:: SUPPLIED RECORDS

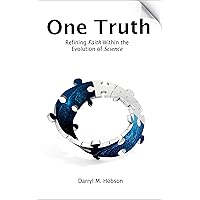 One Truth: Refining Faith within the Evolution of Science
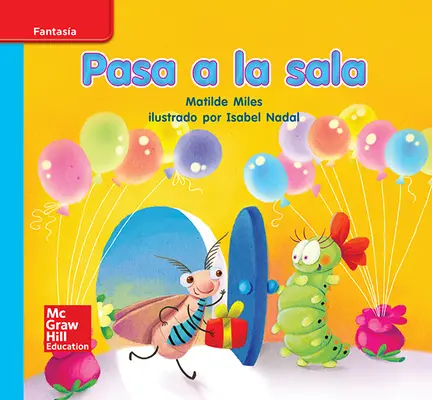 Lectura Maravillas Leveled Reader Pasa a la sala: On-Level Unit 2 Week 3 Grade K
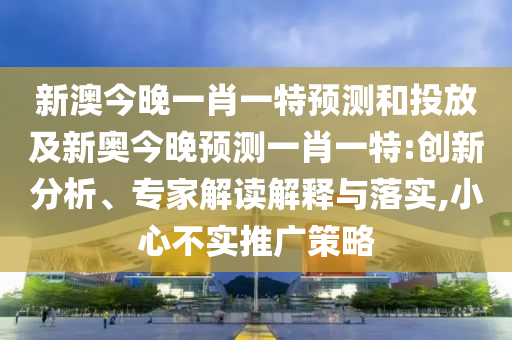 新澳今晚一肖一特預(yù)測(cè)和投放及新奧今晚預(yù)測(cè)一肖一特:創(chuàng)新分析、專家解讀解釋與落實(shí),小心不實(shí)推廣策略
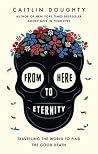 From Here to Eternity by Caitlin Doughty From Here to Eternity by Caitlin Doughty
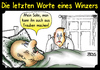 Cartoon: altersweiser Rat (small) by besscartoon tagged winzer,wein,letzte,worte,trauben,alt,alter,sohn,weinbau,natur,künstlich,glykol,bescheissen,beschiss,bess,besscartoon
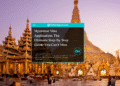 Myanmar Visa Application Process: What You Need to Know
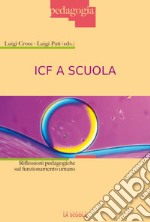 ICF a scuola. Riflessioni pedagogiche sul funzionamento umano libro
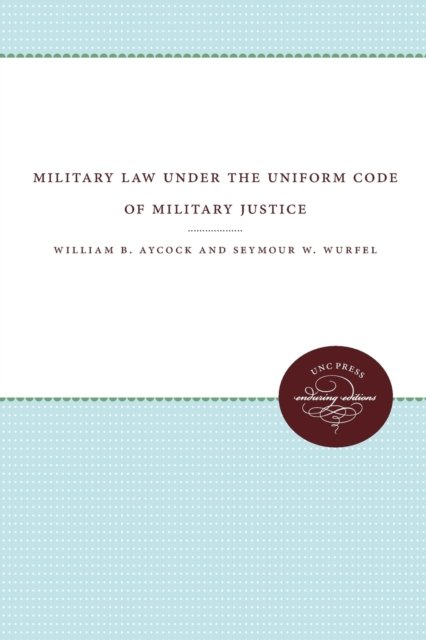 Military Law Under the Uniform Code of Military Justice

::::

▶ WORK REQUEST: Your answer must be the lines from the one containing "Lectura Maravillas Leveled" through the last line of the records, both included, written out exactly and without pictures.

▶ RESPONSE TO THE TASK:
 Lectura Maravillas Leveled Reader Pasa a la sala: On-Level Unit 2 Week 3 Grade K
 新澳今晚一肖一特預(yù)測(cè)和投放及新奧今晚預(yù)測(cè)一肖一特:創(chuàng)新分析、專家解讀解釋與落實(shí),小心不實(shí)推廣策略
 From Here to Eternity by Caitlin Doughty From Here to Eternity by Caitlin Doughty
 Cartoon: altersweiser Rat (small) by besscartoon tagged winzer,wein,letzte,worte,trauben,alt,alter,sohn,weinbau,natur,künstlich,glykol,bescheissen,beschiss,bess,besscartoon
 Myanmar Visa Application Process: What You Need to Know
 ICF a scuola. Riflessioni pedagogiche sul funzionamento umano libro
 Military Law Under the Uniform Code of Military Justice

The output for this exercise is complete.